Print the data that follows exactly, leaving nothing out.
-- SUPPLIED INFORMATION follows --
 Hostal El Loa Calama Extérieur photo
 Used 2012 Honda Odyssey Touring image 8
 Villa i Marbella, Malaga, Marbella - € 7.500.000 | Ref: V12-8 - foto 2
-- SUPPLIED INFORMATION concluded --
= ANSWER FOR THE TASK =
 Hostal El Loa Calama Extérieur photo
 Used 2012 Honda Odyssey Touring image 8
 Villa i Marbella, Malaga, Marbella - € 7.500.000 | Ref: V12-8 - foto 2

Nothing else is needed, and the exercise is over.